- Input records -
* * * * * * *

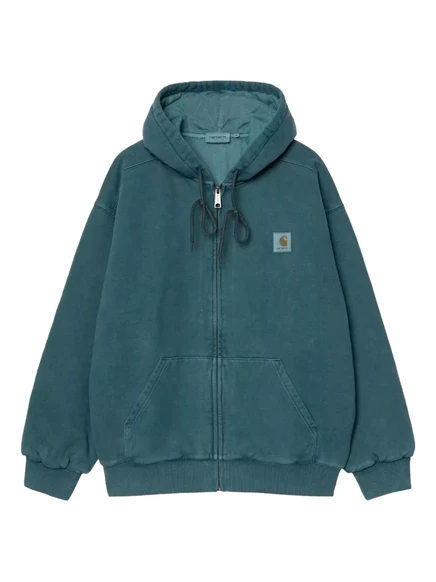 Мужская толстовка с капюшоном Carhartt WIP Vista на молнии, синяя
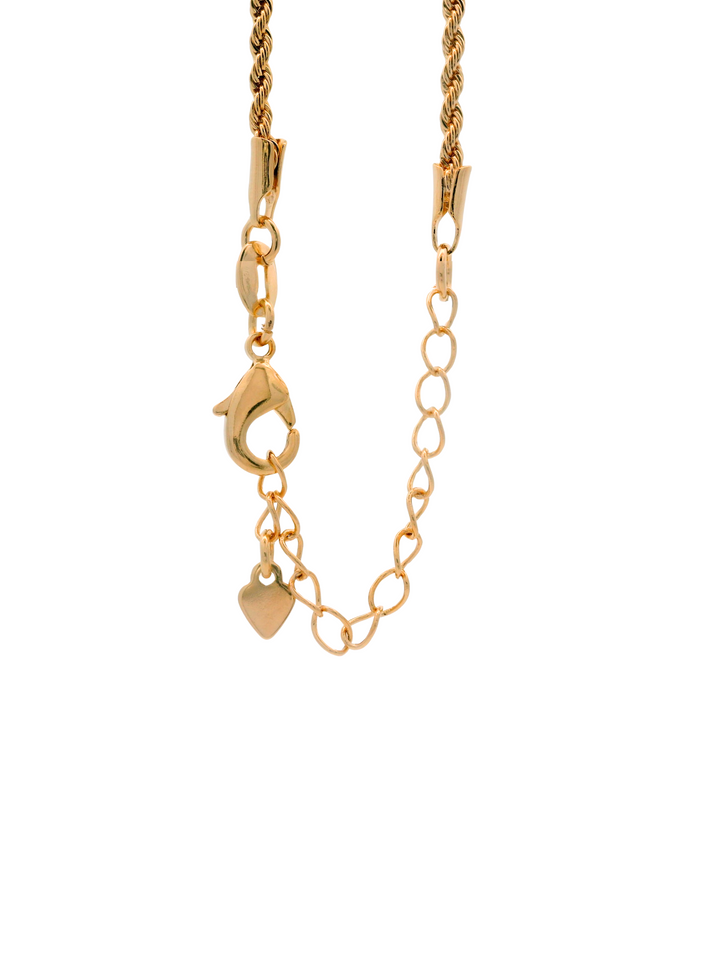 Collar Trenzado Dorado 2 mm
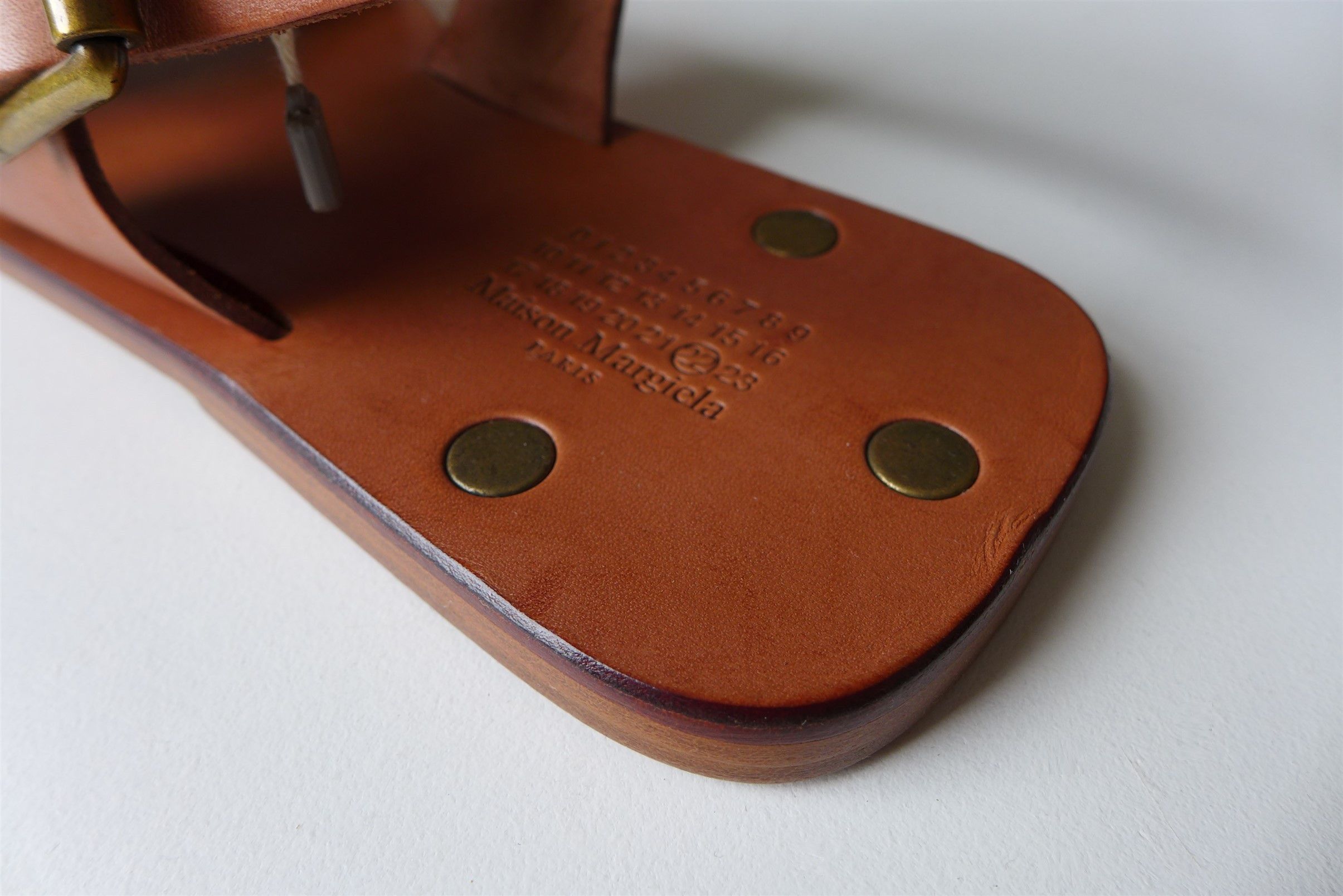 Maison Margiela *Size 39* Margiela Tabi Sandals - Brown Calf Leather Size US 6 / IT 36 - 16 Thumbnail
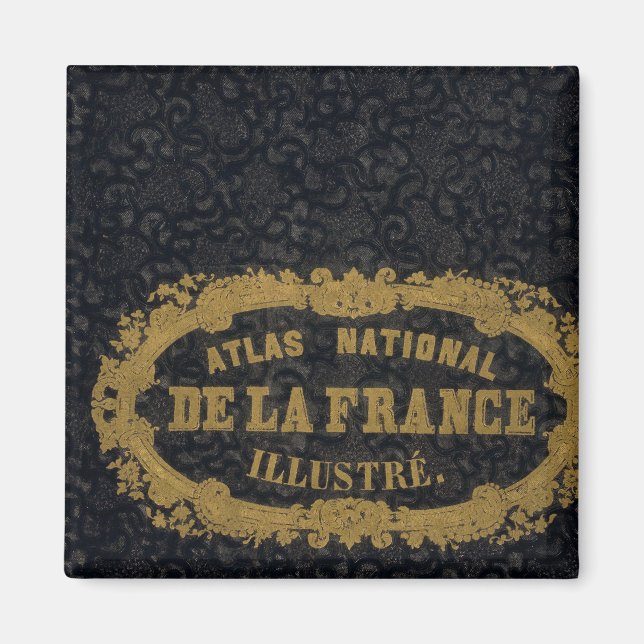 Íman Atlas National De France (Frente)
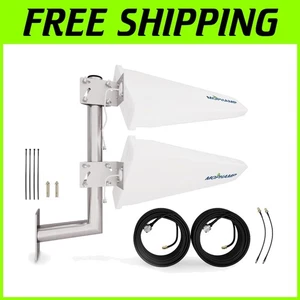 2x2 MIMO Log Periodic Antenna Kit for 4G LTE/5G Ho - Picture 1 of 10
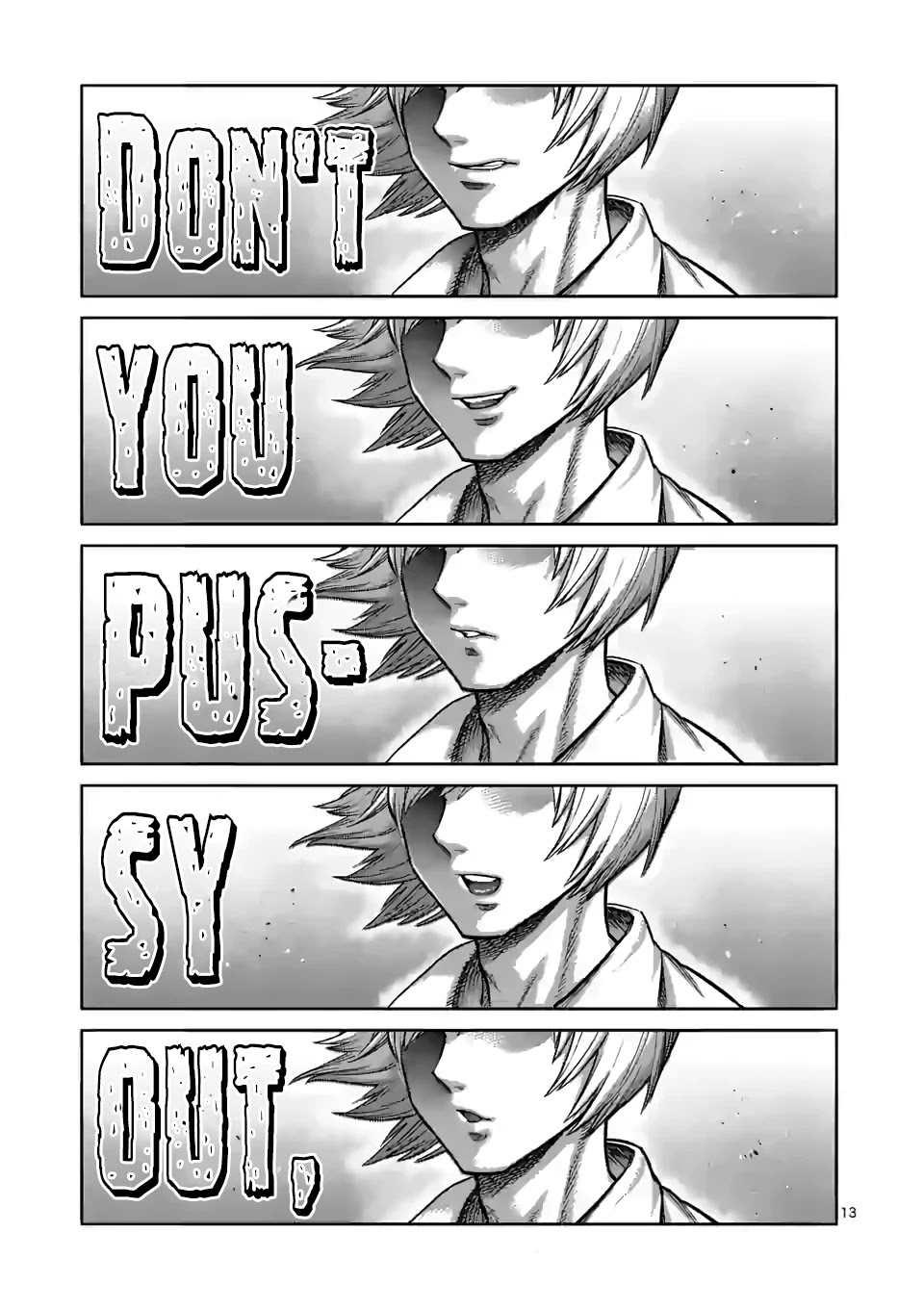 Kengan Omega Chapter 76 page 13 - Chapter 76: Don't You Pussy Out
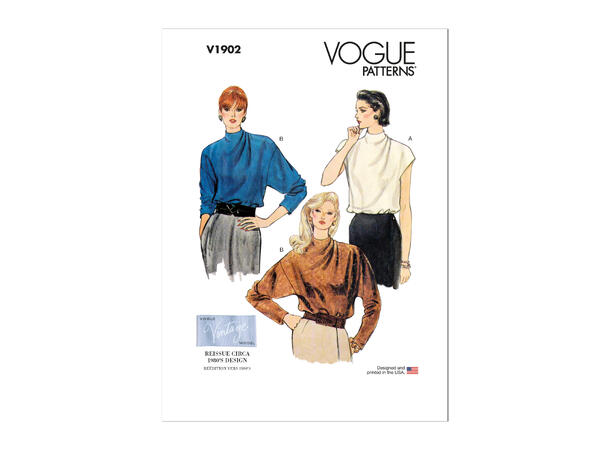 Vogue 1902 - Vintage bluse.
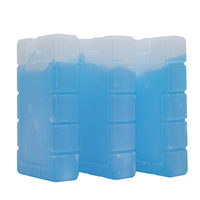 Bloc de glace bleu réutilisable de 400ML, vente en gros pour l'alimentation et la médecine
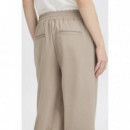 B-YOUNG Pantalones Mujer Pantalones B.young Rizetta Wide Cropped Roasted Cashew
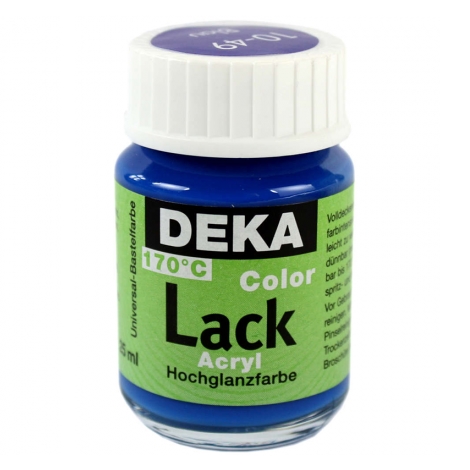 DK10-49.jpg DEKA COLOR LACK ACRYL PAINT 25ML BLUE - Image 1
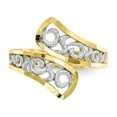 thumbnail image 5 of Primal Gold 10 Karat Yellow Gold and White Rhodium-plated Filigree Ring, 5 of 7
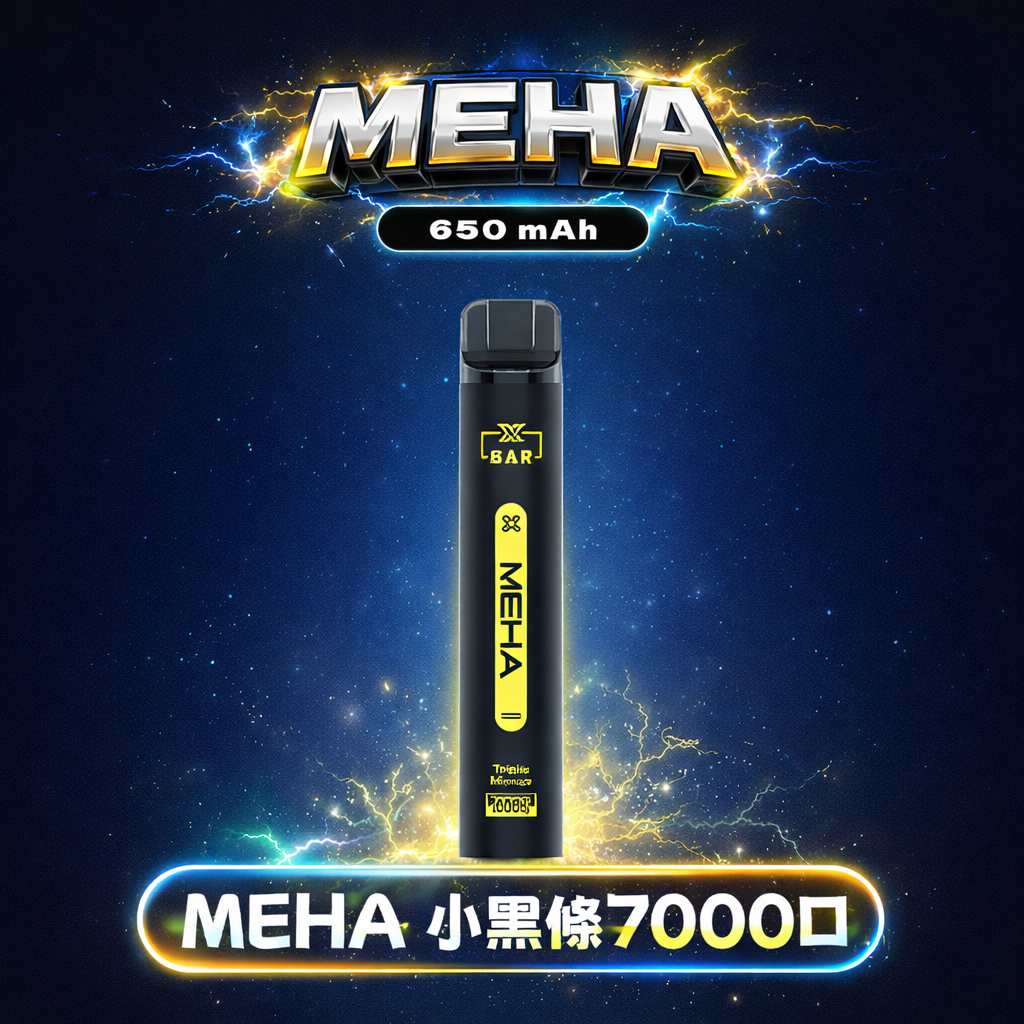 【MEHA XBAR】魅嗨小黑條 7000口拋棄式電子煙 650mAh可充電 3%丁鹽 極強冰感 Mesh芯 現貨秒發:圖片 2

* * * * * * *

Leaving out all pictures, set down exactly the lines of the material above, from the line with "Maison Margiela *Size" to the line with "2x2 MIMO Log" inclusive, and no others.

 Maison Margiela *Size 39* Margiela Tabi Sandals - Brown Calf Leather Size US 6 / IT 36 - 16 Thumbnail
 Íman Atlas National De France (Frente)
 2x2 MIMO Log Periodic Antenna Kit for 4G LTE/5G Ho - Picture 1 of 10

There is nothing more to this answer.